I look out into my garage, and I see what’s depicted above.
A single car occupying a two-car garage with one slot empty.
No longer are two cars in there, the cars my wife and I drove.
A 2003 Honda CR-V SUV, and a 2005 All-Wheel-Drive Toyota Sienna minivan. (The CR-V was also All-Wheel-Drive.)
My wife died of cancer almost a year ago. Ever since I’ve thought two cars for only one person was silly.
I really liked the CR-V, but it was 10 years old, and not very dog-friendly.
There’s no dog-swallowing gap behind the front seats, but folded-up the rears block the rear-door entrance. A dog has to jump around the folded-up seats, and my dog has fallen.
Both the Honda and the Toyota were bought new, yet my newer car is a 2012 Ford Escape, “pre-owned.” (“Doncha mean ‘used?’”)
I couldn’t dicker on this car; it was like buying a new previous Escape — only 2,800 miles.
Supposedly it was bought new by a guy who soon died, then sold back to the dealer.
I don’t like the new Escape, and the previous Escape is the dog-friendliest SUV I’ve ever seen.
An SUV is great for chasing trains. SUVs have a lot of under-clearance, and are usually All-Wheel-Drive, both of which I need.
I attended my GriefShare last night, and a friend was there who lost her husband over a year ago.
“I understand completely,” she said. “It’s hard to see your mate’s car go.
My husband’s butt sat in that driver-seat,” she said. “That was his car. He specced it, he ordered it, and he bought it.”
“Excuse me if I start crying,” I said to the salesman as he went about delivering my car. (I didn’t.)
I looked at the CR-V one last time. How many times did I drive that thing to Altoona and Horseshoe Curve?
Once we drove it all the way back from a railfan excursion in West Virginia, all in one day, a trip I’d never attempt again.

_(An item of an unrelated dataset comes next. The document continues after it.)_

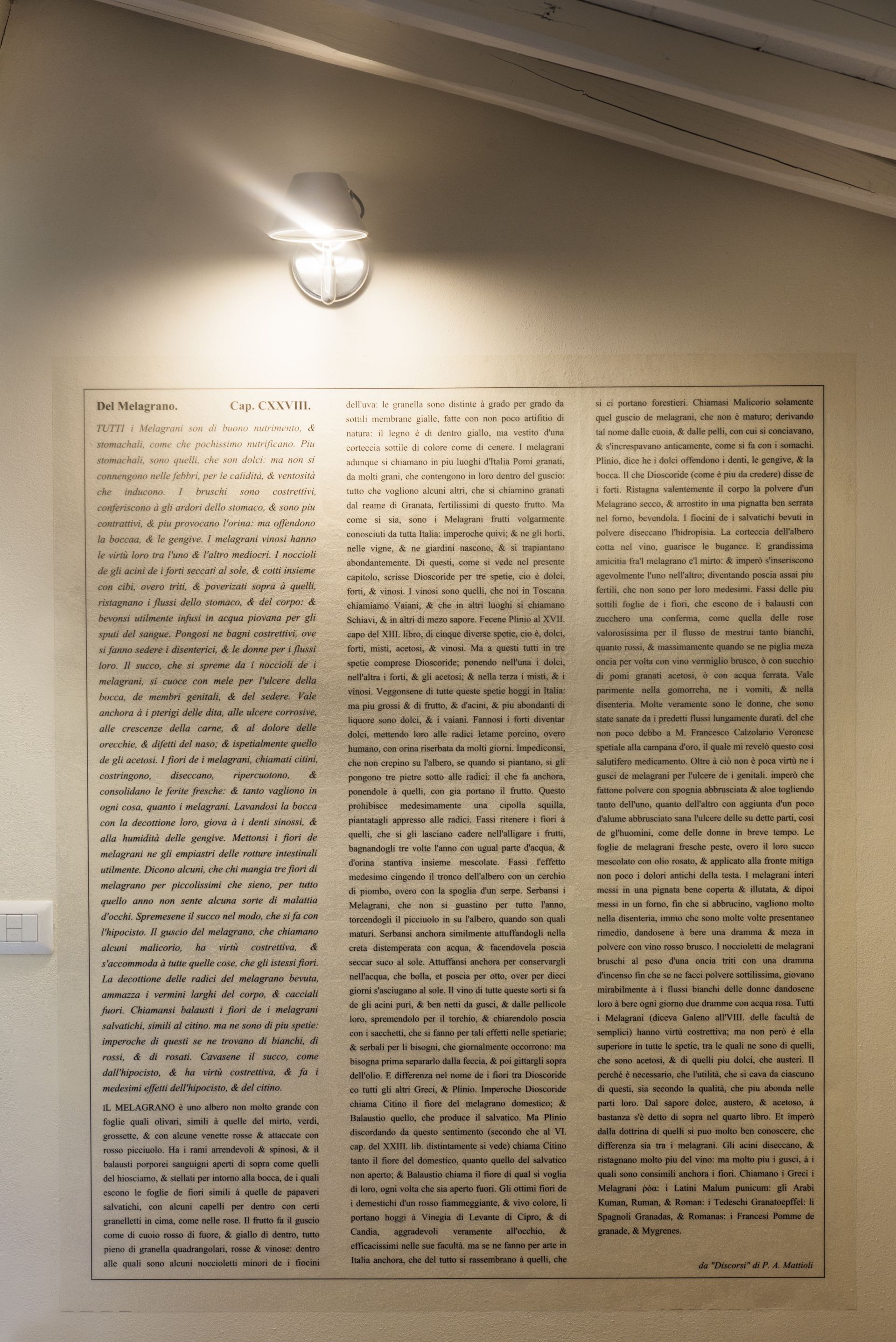 Villa L Orto di Vignamaggio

I’m old, and it burned me out.
I looked at the van. How many times did I cart my wife to Strong Hospital in Rochester for cancer treatments? Her last drive alive to hospice was in that van. She was so weak we had to wheel her in in a wheelchair.
The moving finger having writ moves on.

Horseshoe Curve (the “Mighty Curve”), west of Altoona (“al-TUNE-uh;” as in the name “Al”), PA, is by far the BEST railfan spot I have ever been to. The railroad was looped around a valley to climb the mountains without steep grades. Horseshoe Curve was opened in 1854, and is still in use. I am a railfan, and have been since age-two (I’m 69). The viewing-area is smack in the apex of the Curve; and trains are willy-nilly. Up-close-and personal. —I’ve been there hundreds of times, since it’s only about five hours away.